January 2013 - I could barely walk up a flight of stairs without getting winded.
If someone had told me less than 2 years later I would be running in races, I would have laughed in their face. A mere 9 months later, I did my first 5K. I didn't run all of it. But I did run a good amount of it. With the help of my friend Kira. And when I finished in 35 minutes, I remember being so excited and proud of myself for even having the guts to try to run a race. After all, I had just started running in June. And I'm not even sure I would call what I started doing at that time running. But, I was doing more than walking so, we'll go with running. A couple of weeks later, I succeeded in doing a run/walk in my first 10K. I'm still not sure why I thought a 10K was a good idea at that point but, hey, at least I finished it! And it was a good challenge.
Fast forward to April of this year. My weight loss had pretty much stopped but I was working on building up my ability to run. Winter was particularly brutal last year so I hadn't really gotten outside to run. I signed up for a 5K in mid-April about 2 weeks before it happened. My goal was to run the whole thing but I wasn't sure I would be able to. Physically I knew I could. But, for me, running is completely mental. I often stop and walk just because I can. Not because I don't have the ability to keep going.
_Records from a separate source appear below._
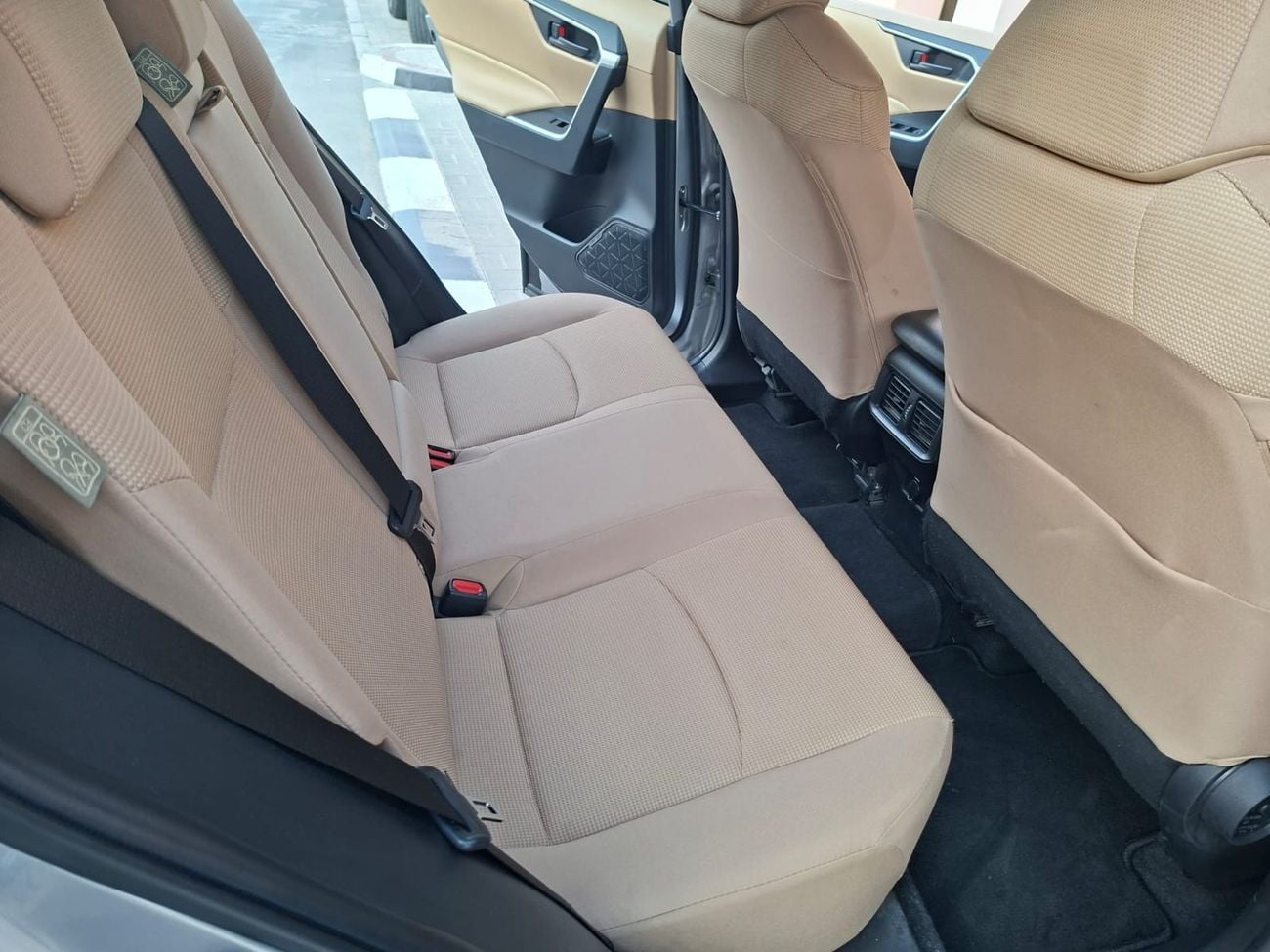 Toyota RAV4 EX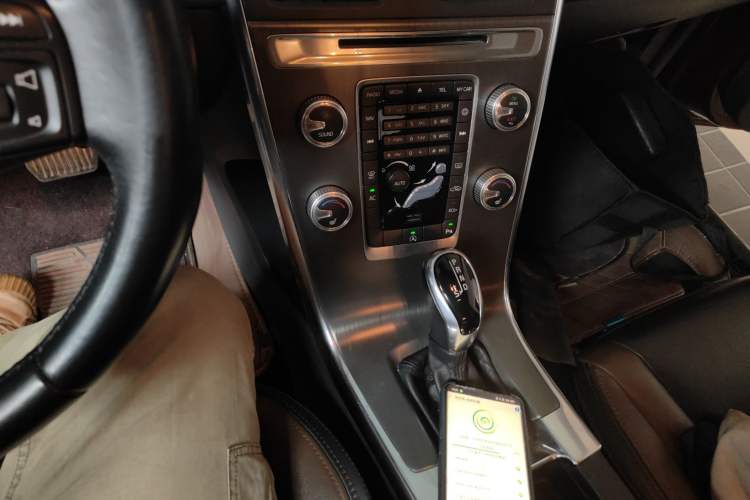 Used Volvo XC60 2016 T5 Smart Version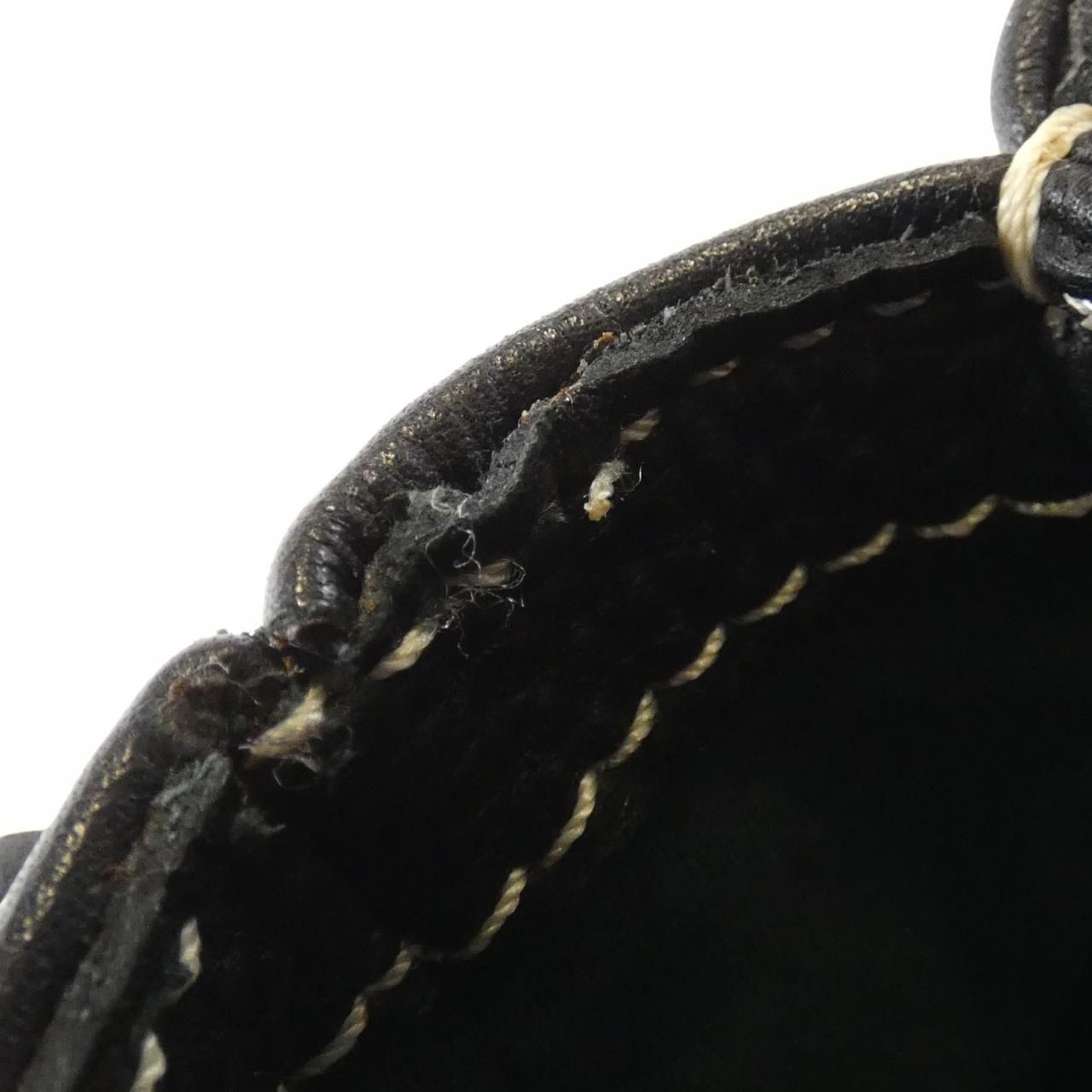 Celine Shoulder Bag Black — view 8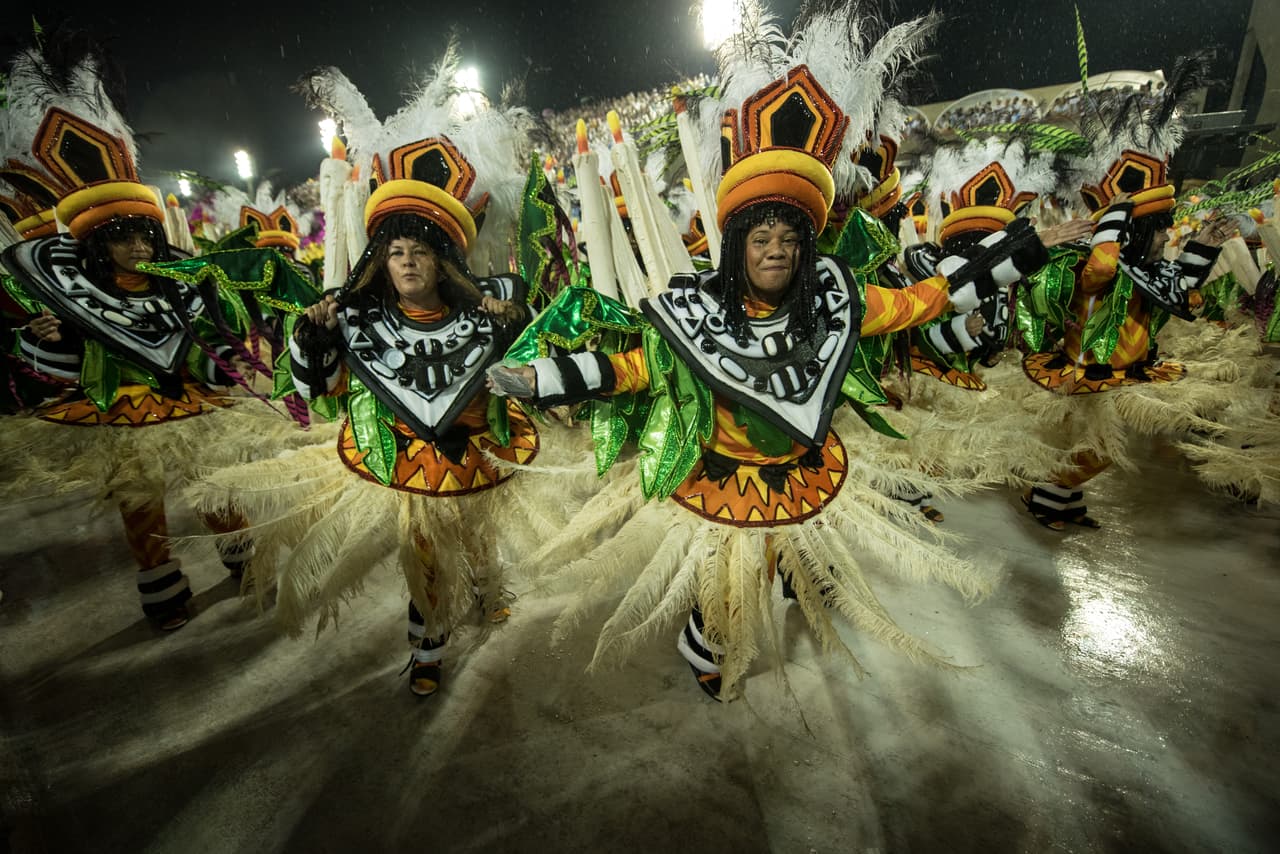 Después de esta fatalidad el carnaval se detuvo durante un par de horas y reanudó con el desfile de la escuela Grande Río.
So, when I crossed the finish line of this race and had run the whole thing (in 32 minutes, no less), I was ecstatic. Talk about accomplishing something you never thought would be possible in your lifetime. Running 3.1 miles? Who knew?
I did another 10K a few weeks later and while I knew I wouldn't run the whole thing, I did have a goal of finishing in under an hour and 15 minutes (my time from October). I finished in an hour and 5 minutes! My only thought? What is happening? When did I start running, setting goals and accomplishing them?
I kept running over the summer but definitely had some other struggles that I dealt with (in good and bad ways). So, when I did a 10K in August, I actually wasn't surprised that my time wasn't as good as it was in May. I was tired, had a lot on my mind and just not overly motivated to run a race. I needed to work on my mindset if I was going to keep setting and accomplishing goals.
Fast forward a few weeks and, after a butt kicking and doing a lot of soul searching, I made some decisions to start doing things for myself. I'm still completely figuring out what that looks like. But, I'm getting there. In the meantime, I decided to focus on a fitness goal. Something I knew how to do. I remembered hearing about a 4 mile race in the middle of October. But, I never like to do anything by myself. Plus it's fun to have people to hang out at the start line with and meet up with at the finish. So, I convinced two of my friends to do it with me. As the next few weeks went by, I tried to get out running 2-3 times a week. Sometimes I was able to go about 3 miles without stopping. Sometimes the mental piece got the best of me. And the hills. But, I wasn't going to back out of the race. And, in the back of my mind, I still wanted to try to run the whole thing. But, of course I didn't have a whole lot of confidence in myself. I just kept working towards it and figured I would give it my best shot.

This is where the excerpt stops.